Ao notar que o religioso não respondia aos seus chamados, afirmou o voluntário, ela entrou em contato com um médico. A morte foi então confirmada.
D. Hélder, segundo Da Matta, passou o dia "tranquilo", mas, pouco antes de dormir, por volta das 20h, aparentava estar "cansado, com falta de ar".
Ainda segundo o voluntário, dias antes de morrer, o arcebispo disse que sua maior preocupação era que um dia sua alma "fosse embora e que seu corpo resistisse". O corpo de d. Hélder será velado na igreja das Fronteiras e enterrado hoje na igreja da Sé, em Olinda. O enterro está marcado para as 17h.
A morte de dom Hélder acontece menos de uma semana após ter tido alta depois de uma internação causada por uma infecção.
O mais importante líder da Igreja Católica brasileira na história, o arcebispo havia sido internado em 18 de agosto no hospital Português, um dos principais de Recife com infecção urinária. Foi submetido a exames de sangue, raios-X e ultrassom.
Após ser medicado, recuperou-se rapidamente. No dia seguinte, o médico Ricardo Lima, que cuidava do religioso, disse que ele passava bem.
Quando recebeu alta, no dia 21, já não apresentava mais sinais da infecção. Ainda assim, manteria por mais alguns dias o tratamento com antibióticos.
D. Hélder fundou, em 1952, a CNBB (Conferência Nacional dos Bispos do Brasil), primeira entidade do mundo a reunir bispos de um país. Esse tipo de organização só passou a ser recomendado pela Igreja Católica depois do Concílio Vaticano 2º (1962-1965), que renovou as práticas da igreja.
Nascido em 7 de fevereiro de 1909, ordenou-se padre em 1931. Nesse mesmo ano, organiza a Juventude Operária Cristã, ligada à LCT (Legião Cearense do Trabalho), organização inspirada no salazarismo. Em 1932, torna-se dirigente da LCT, que passa a fazer parte da Ação Integralista Brasileira, organização fascista.
Quando se mudou para o Rio de Janeiro, na metade dos anos 30, foi convidado pelos superiores a abandonar as atividades políticas, que retomaria nos anos 60.
Nomeado arcebispo de Olinda e Recife em abril de 1964, foi acusado de comunista por suas denúncias de violação de direitos humanos no regime militar e por seus trabalhos com movimentos populares -criou as Comunidades Eclesiais de Base.
Por sua postura e seu prestígio internacional, d. Hélder tornou-se o inimigo número um do regime, que chegou a proibir qualquer menção a seu nome nos meios de comunicação.

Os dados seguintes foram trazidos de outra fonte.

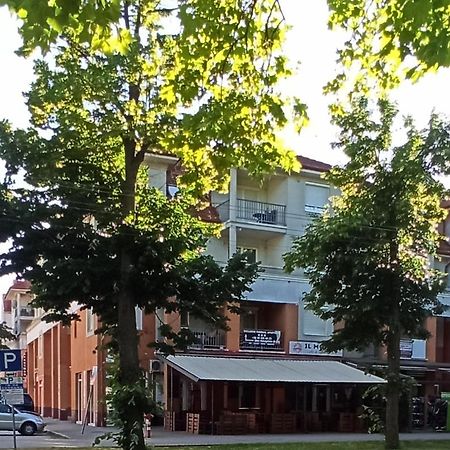 Premium Apartman Hajdúszoboszló Buitenkant foto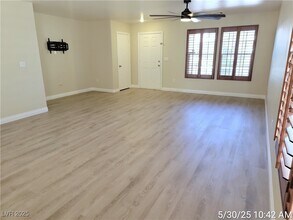 11212 Tuscolana St in Las Vegas, NV - Building Photo - Building Photo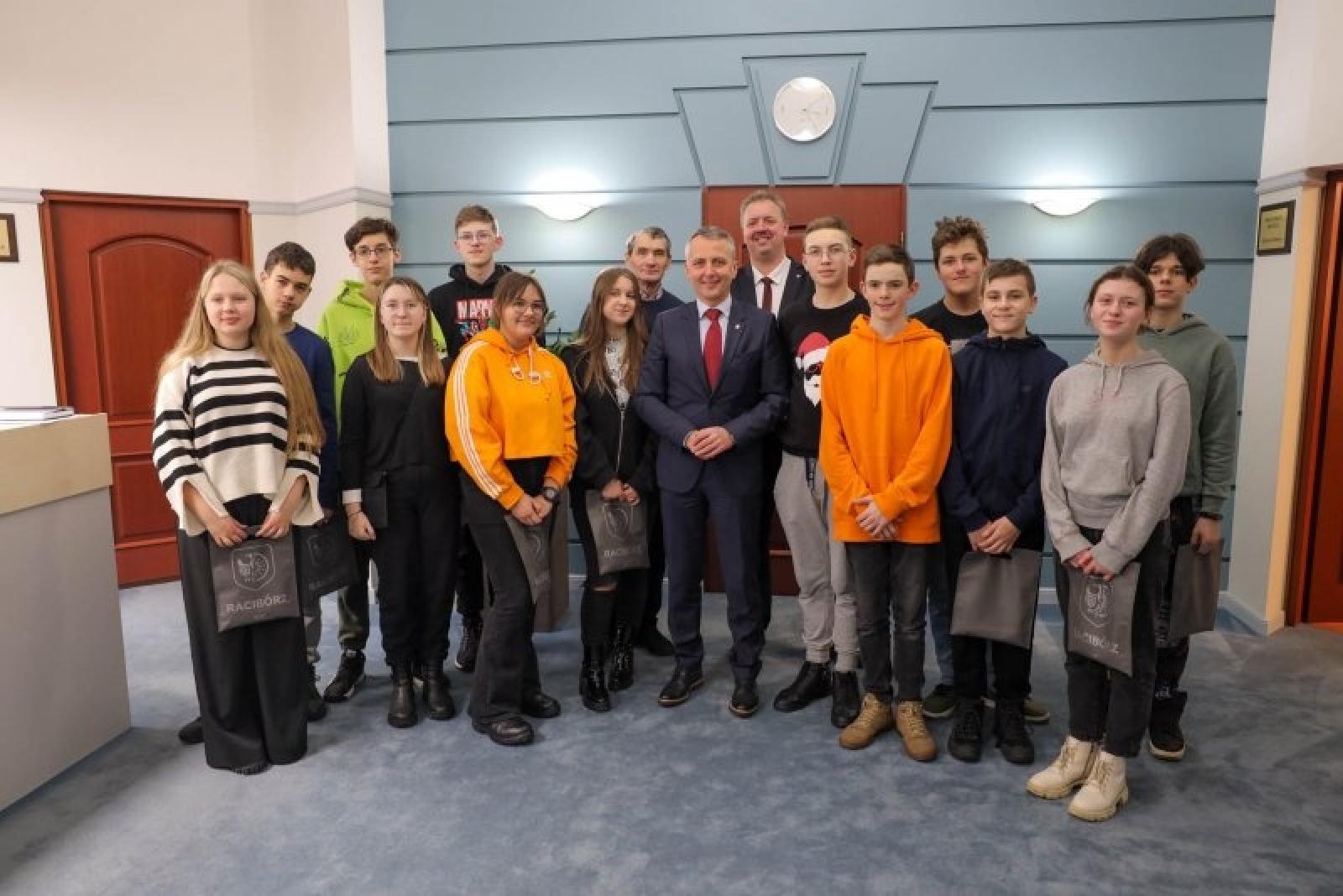 Zdjęcie w galerii na portalu naszraciborz.pl: Młodzi lwowianie odwiedzili Racibórz i swojego kolegę wiadomości z regionu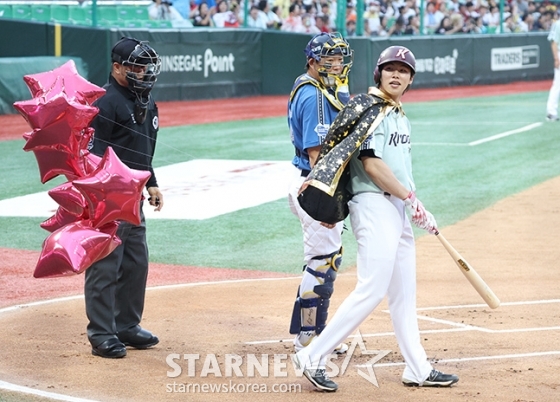 [포토] 김혜성 '보고 있나? MLB'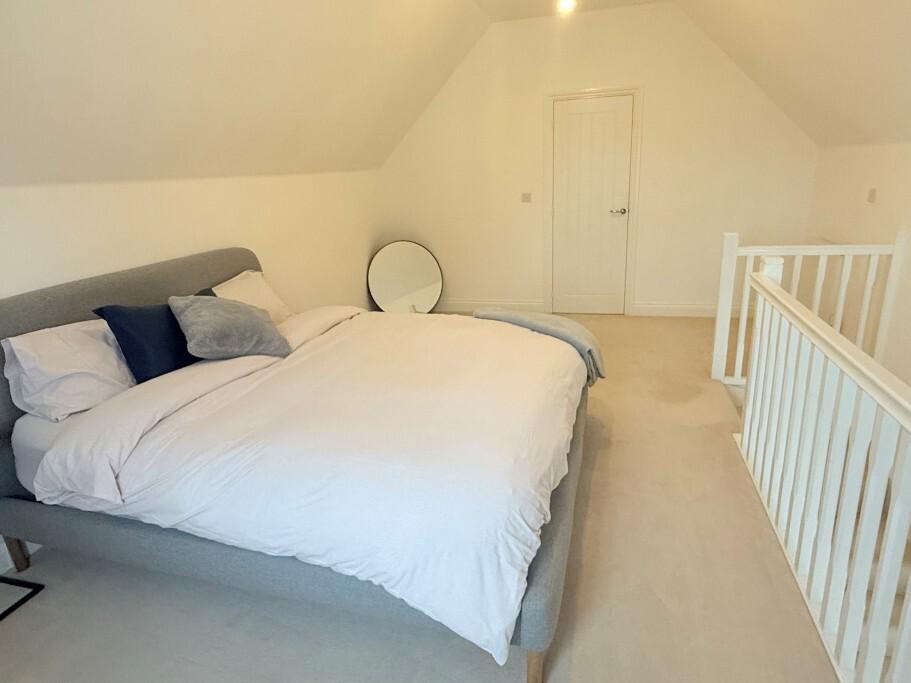 Bedroom 1 Pic 2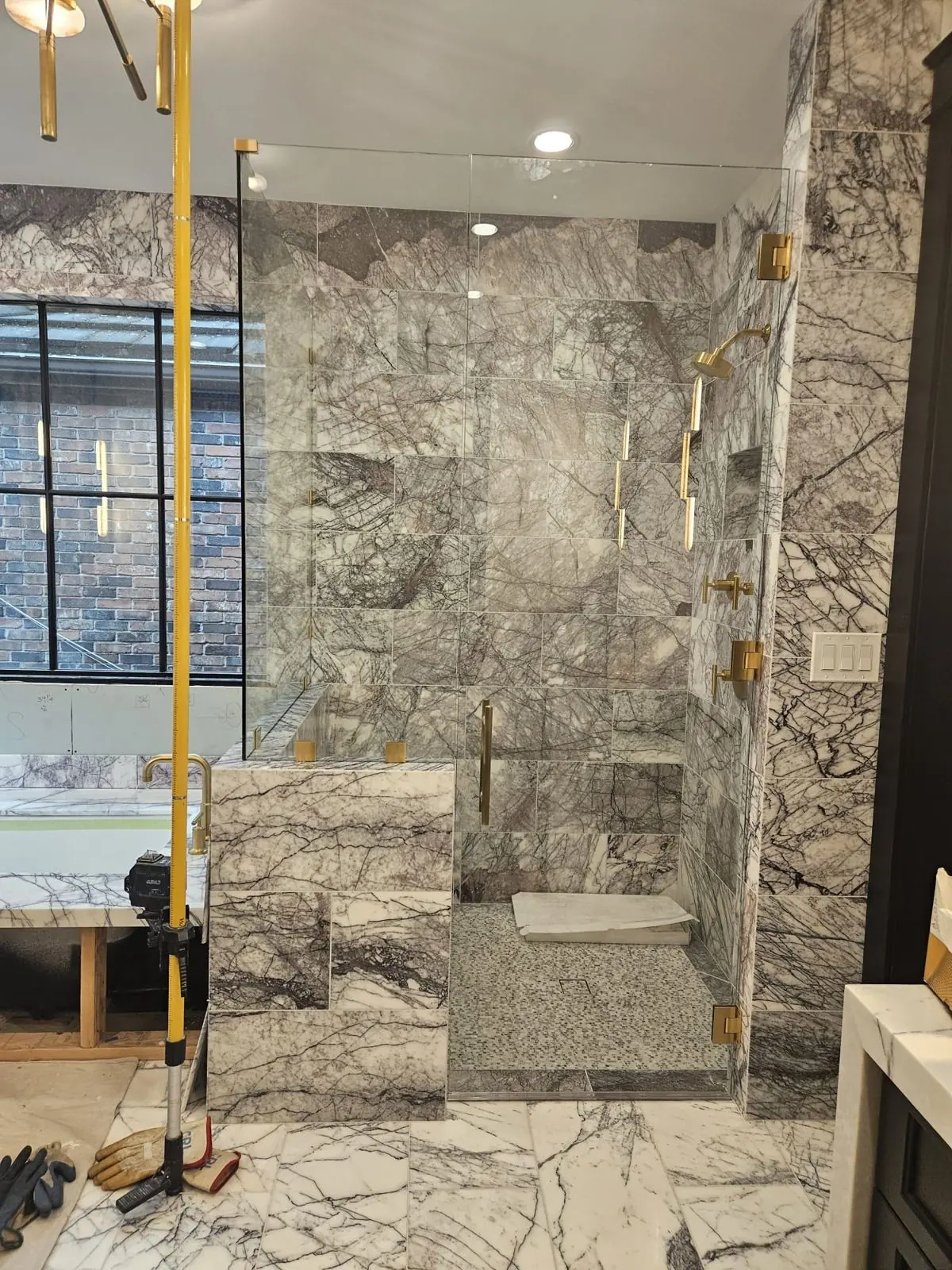 Glass shower door put in by Jose of Glass 35 in San Antonio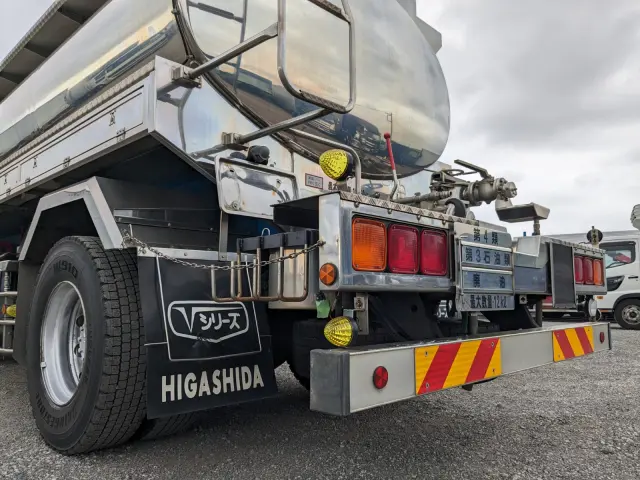 いすゞ ギガ 2KG-CYG60CM(6x2)の写真8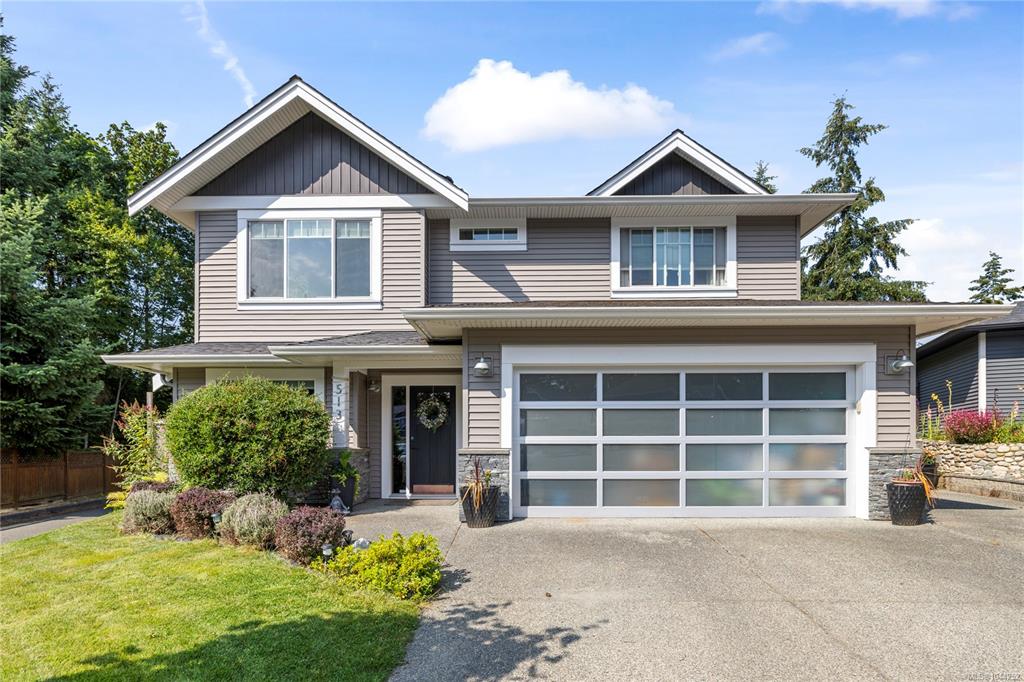 Second View of 513 Martina Way, Nanaimo, BC, V9T 0E2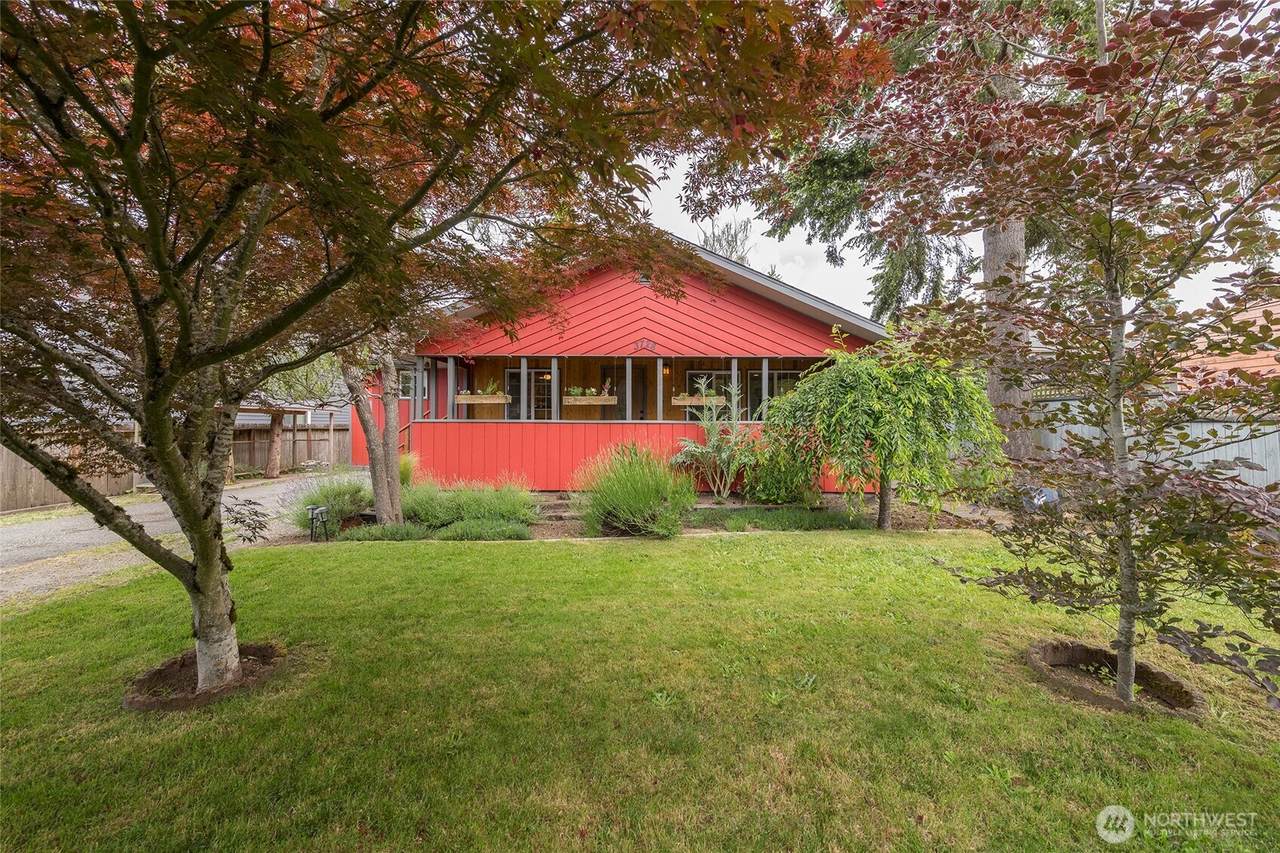 3728 175th Street - Photo 1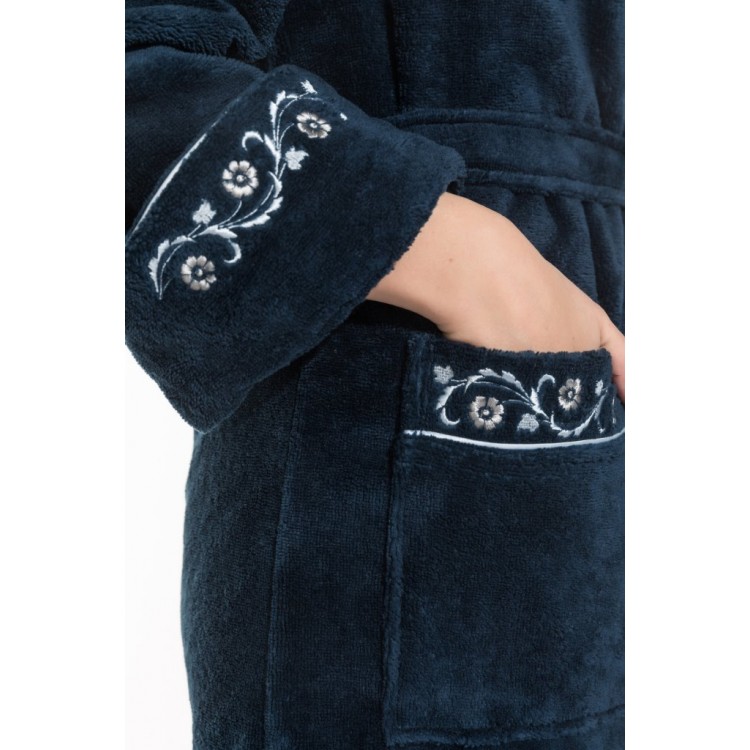 Длинный женский махровый халат 709 sapfir Caramélé, PECHE MONNAIE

Nos início dos anos 70, o governo Emílio Médici (1969-74) moveu, por meio da Embaixada do Brasil em Oslo (Noruega), uma campanha secreta contra a candidatura de dom Hélder ao Prêmio Nobel da Paz.
A revelação está contida no livro "Dom Hélder Câmara - Entre o Poder e a Profecia", de Nelson Piletti e Walter Praxedes, de 1997.
Sua atividade pública tinha sido bastante reduzida nos últimos anos. Por recomendação médica, evitava falar sobre temas polêmicos. Mantinha-se recluso a maior parte do tempo, mas ainda comparecia a eventos públicos.